> Input material
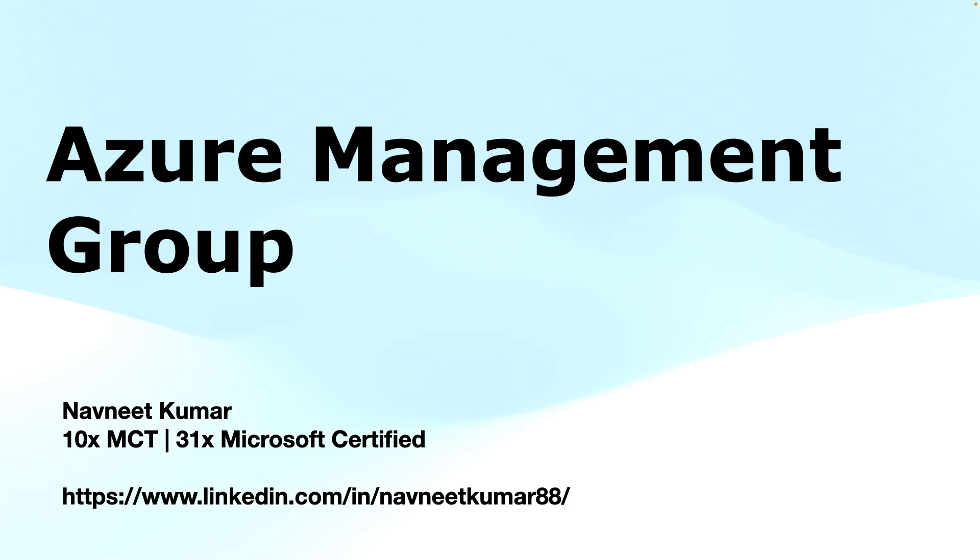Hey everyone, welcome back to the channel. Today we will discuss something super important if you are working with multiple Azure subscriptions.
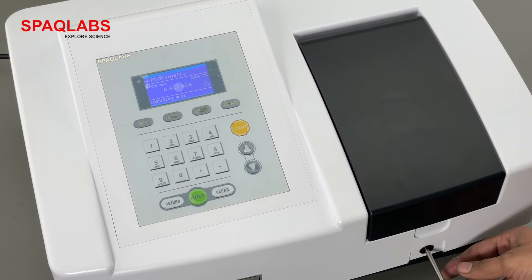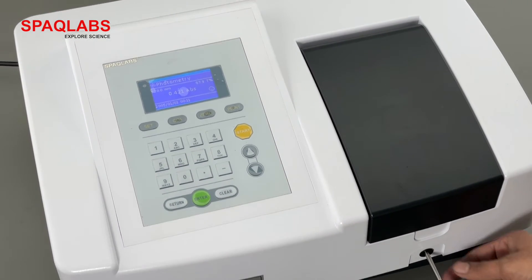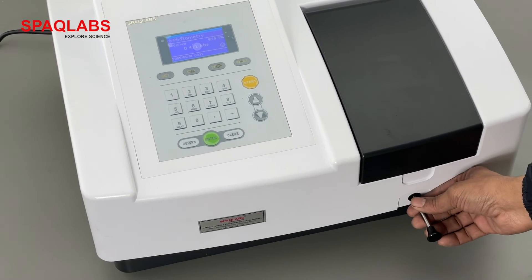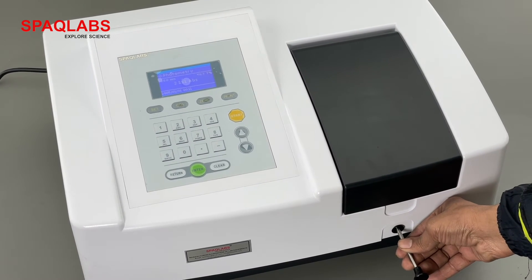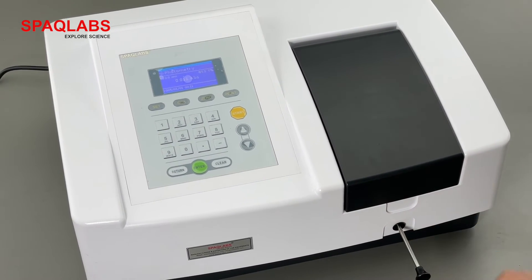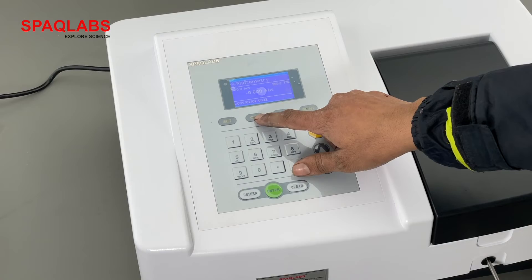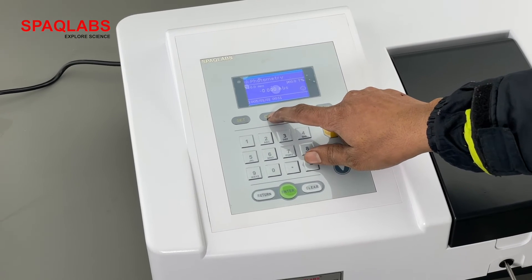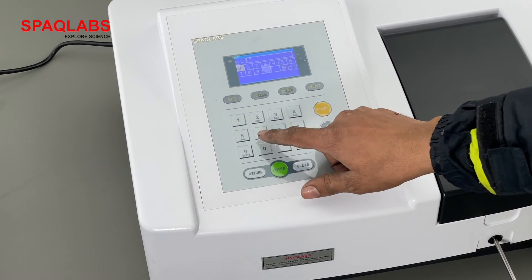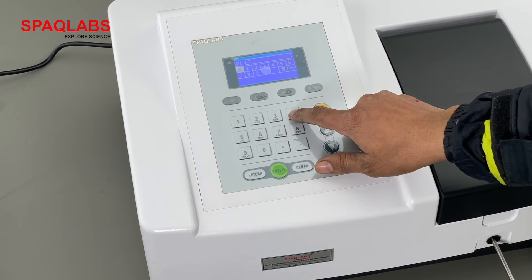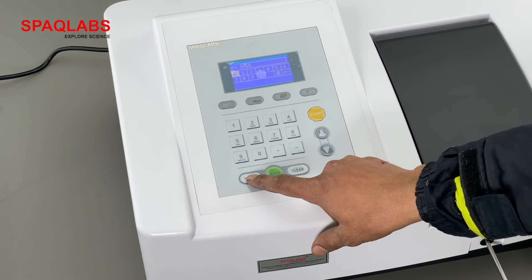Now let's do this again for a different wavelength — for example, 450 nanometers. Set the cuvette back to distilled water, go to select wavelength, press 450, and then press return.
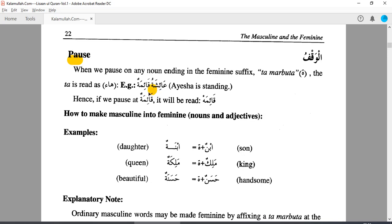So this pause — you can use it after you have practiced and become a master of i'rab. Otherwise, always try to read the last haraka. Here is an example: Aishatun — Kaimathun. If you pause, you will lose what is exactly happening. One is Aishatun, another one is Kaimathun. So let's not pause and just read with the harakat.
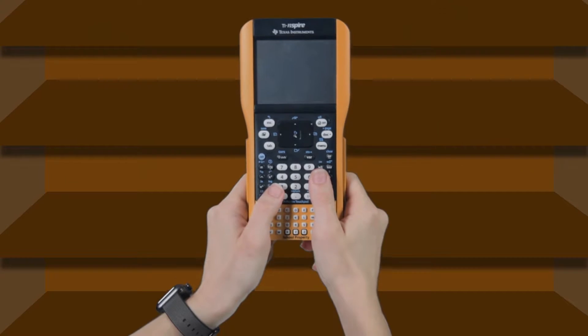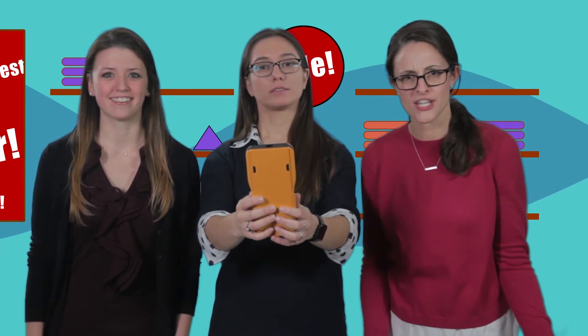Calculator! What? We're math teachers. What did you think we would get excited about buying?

* * *

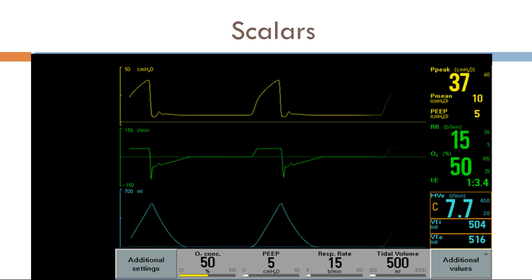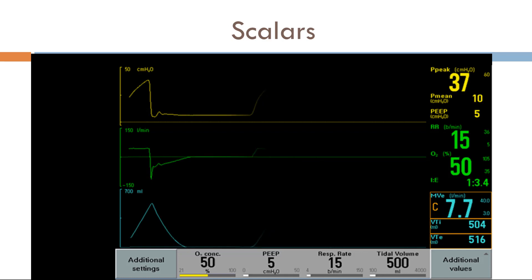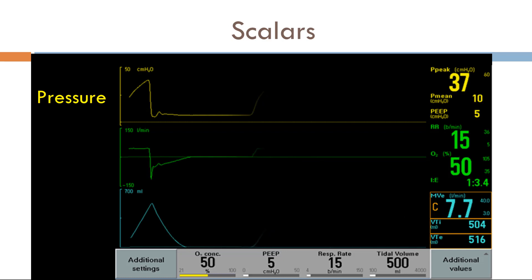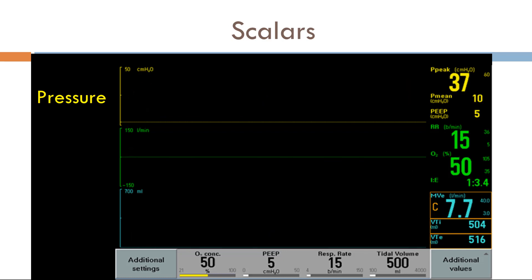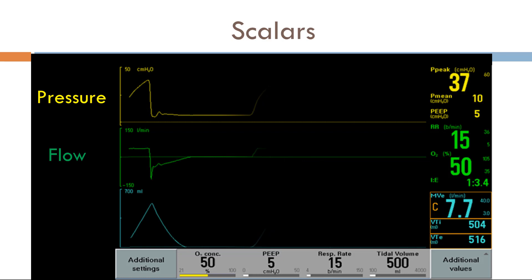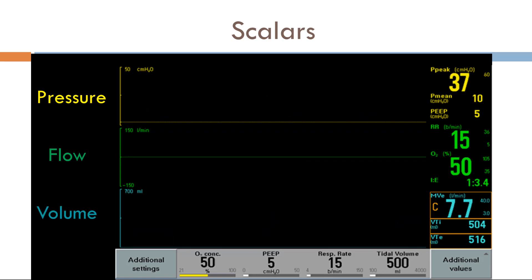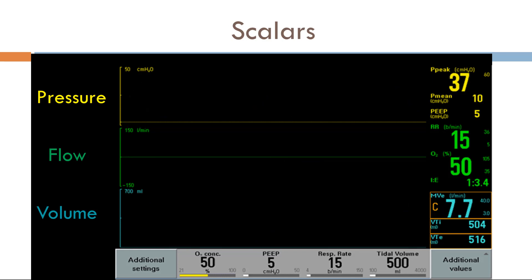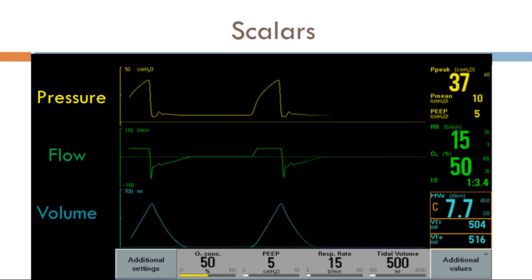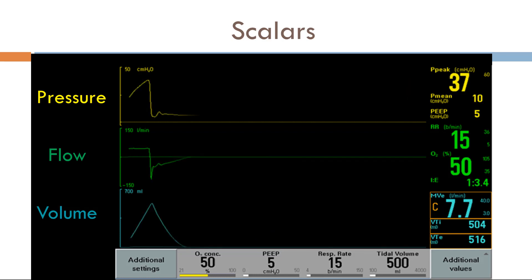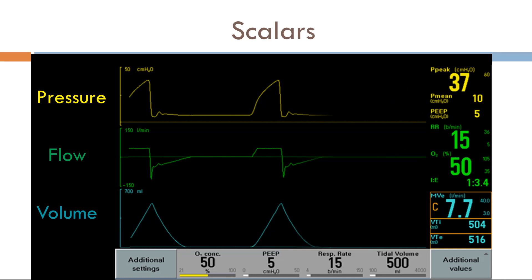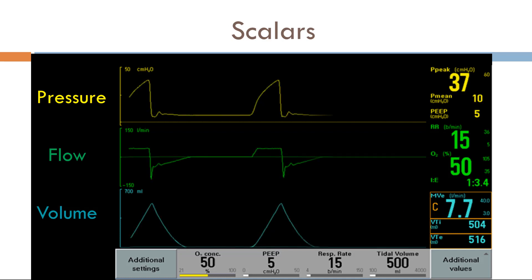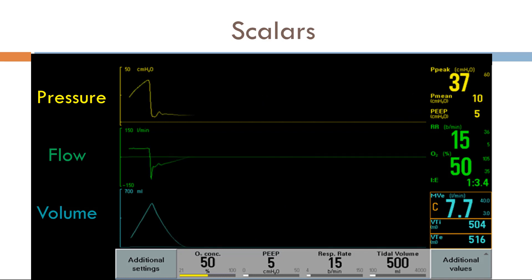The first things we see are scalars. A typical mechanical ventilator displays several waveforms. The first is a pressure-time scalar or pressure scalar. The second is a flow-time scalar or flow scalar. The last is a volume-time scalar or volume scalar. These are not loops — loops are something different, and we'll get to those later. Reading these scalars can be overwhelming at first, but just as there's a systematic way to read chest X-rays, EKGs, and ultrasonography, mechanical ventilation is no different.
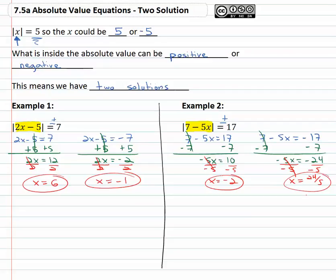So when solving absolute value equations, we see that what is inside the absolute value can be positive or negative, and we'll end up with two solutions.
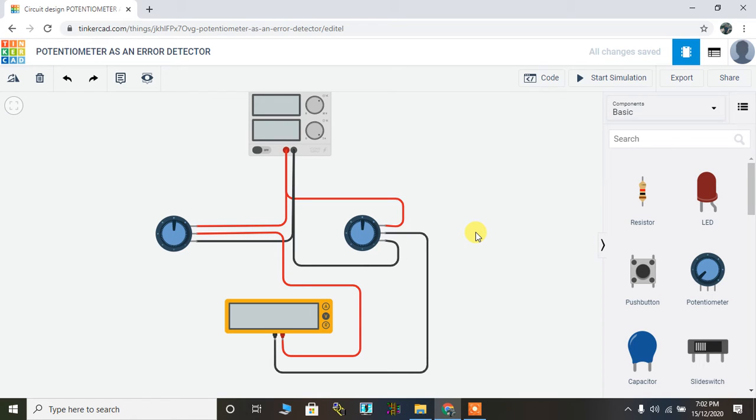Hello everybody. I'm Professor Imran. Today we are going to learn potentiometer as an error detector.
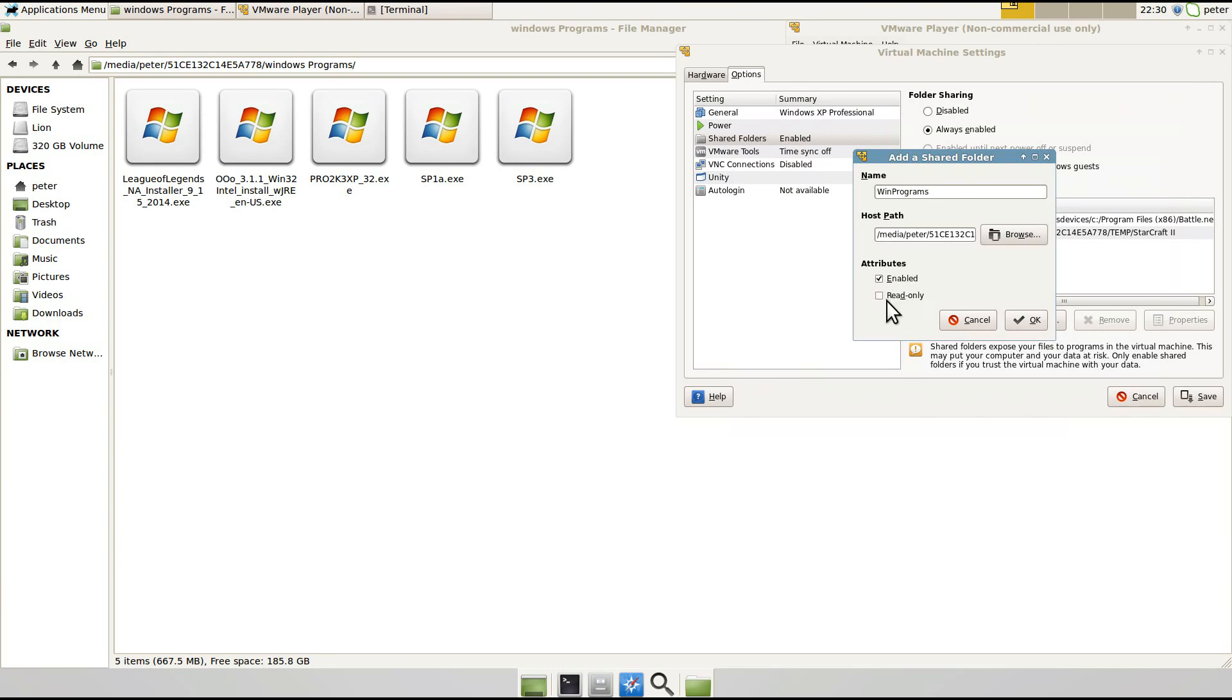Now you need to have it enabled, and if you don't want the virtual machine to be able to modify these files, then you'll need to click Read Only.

* * *

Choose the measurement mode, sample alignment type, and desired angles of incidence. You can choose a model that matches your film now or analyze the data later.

> Exercise aim
Find the line with "So this pause" in the data above, and from there retype each line exactly through the line with "Calculator! What? We're", skipping the pictures along the way.

> Output below
So this pause — you can use it after you have practiced and become a master of i'rab. Otherwise, always try to read the last haraka. Here is an example: Aishatun — Kaimathun. If you pause, you will lose what is exactly happening. One is Aishatun, another one is Kaimathun. So let's not pause and just read with the harakat.
Calculator! What? We're math teachers. What did you think we would get excited about buying?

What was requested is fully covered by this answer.